DAY 162: Day 1 off Lake Eacham

50 km at 14.0 km/hr

Thurs 3rd April 2008

Distance to date 9788 km (6117 miles)

Last night was perfectly peaceful yet I couldn’t get to sleep easily. Probably too much coffee; must cut back, none today. I had breakfast of bread and the delicious Buderim’s Mango and Ginger Jam and set off for Malanda to raid the ATM. On the way I stopped at Winfield Park where Platypuses are regularly seen in a particular spot where the river runs smoothly, as reported in a local guide. I lurked in the bushes for a while (they are very shy creatures) but didn’t see any - I think dawn and dusk are the best times as with birds.
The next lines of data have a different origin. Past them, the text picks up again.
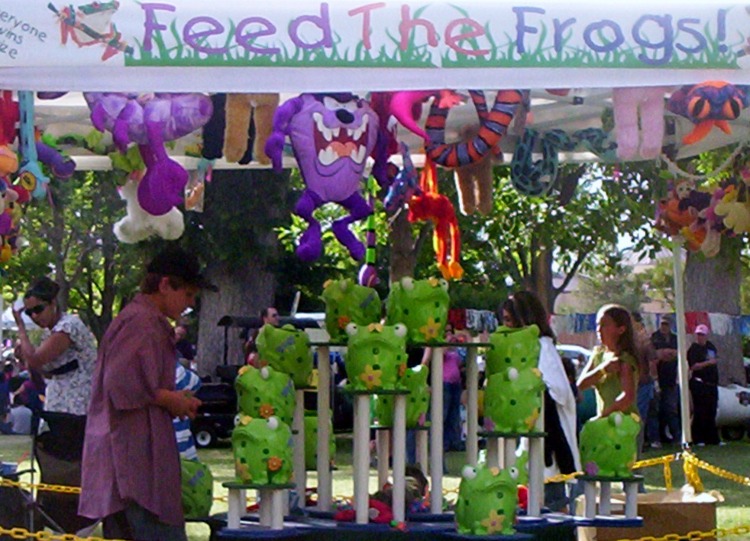 Feed the Frogs Game with Prizes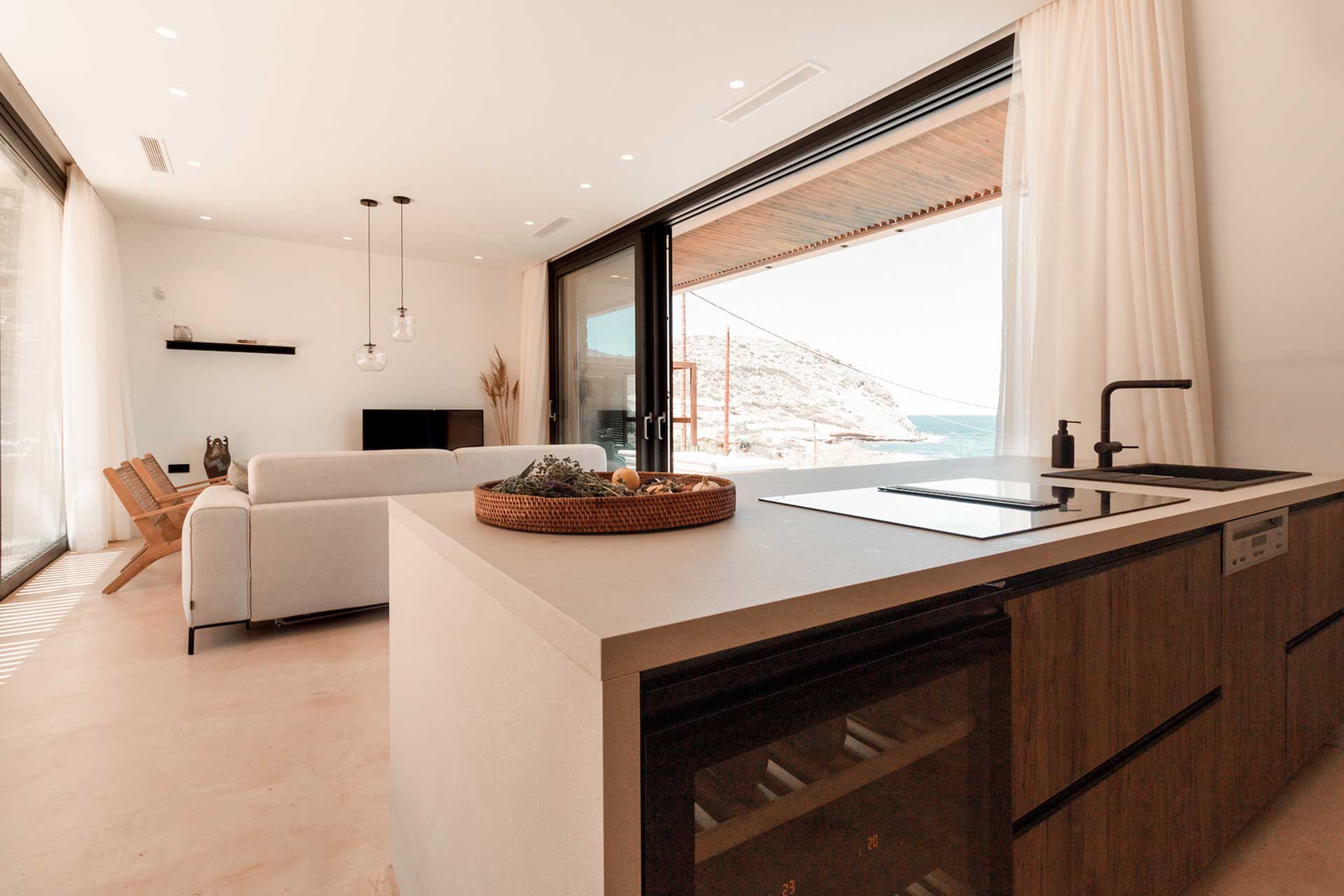 nuez-villas-ground-level-villa_villa_crete-greece_interior-kitchen.jpg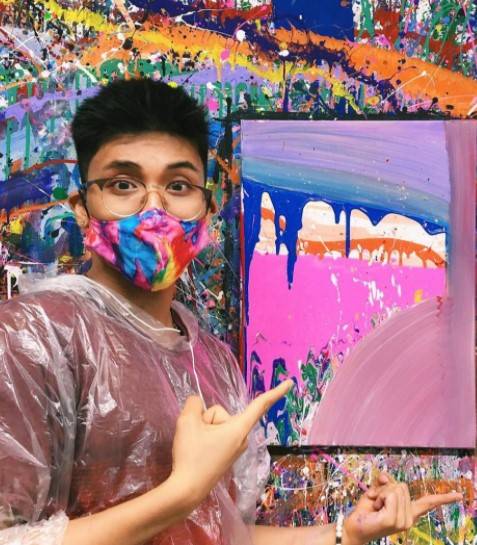人人都是毕加索！！一起来看看新加坡首家泼水彩画室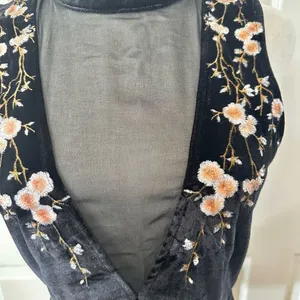Sugar Lips Rebekah velvet sleeveless embroidered top thumbnail 4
ATM duly relieved of money I did some shopping in the Spar then wolfed down a pie at the excellent bakery, before riding down to the waterfall area where there is a 1km rainforest walking track. It started at the turtle viewing platform and there were indeed half a dozen turtles swimming about and, it appeared to me, looking up at me in expectation of food. The resident Catbird (it really does sound like a cat yowling) gave voice too, probably for the same reason - the guide says it likes to be fed! Whatever happened to hunting for your own food guys? The rainforest walk was very good; many trees were named although there are SO many varieties that I have given up trying to learn them, and the Eastern Whip Birds were whipcracking away - the male whipcracks and if the female is interested she immediately gives two rapid return cries, and it sounded like several boys were getting lucky! I had a good look for Tree Kangaroos but no joy. The walk was predictably ‘jungly’ with twisted vines and roots filling every available space. The big cyclone in March 2006 destroyed a lot of the biggest trees but new ones are shooting up to take their place; competition for light is so hot. The main trees have bare trunks with all the leaves at the top grabbing the sun. And it was getting sunny after early morning showers - hooray!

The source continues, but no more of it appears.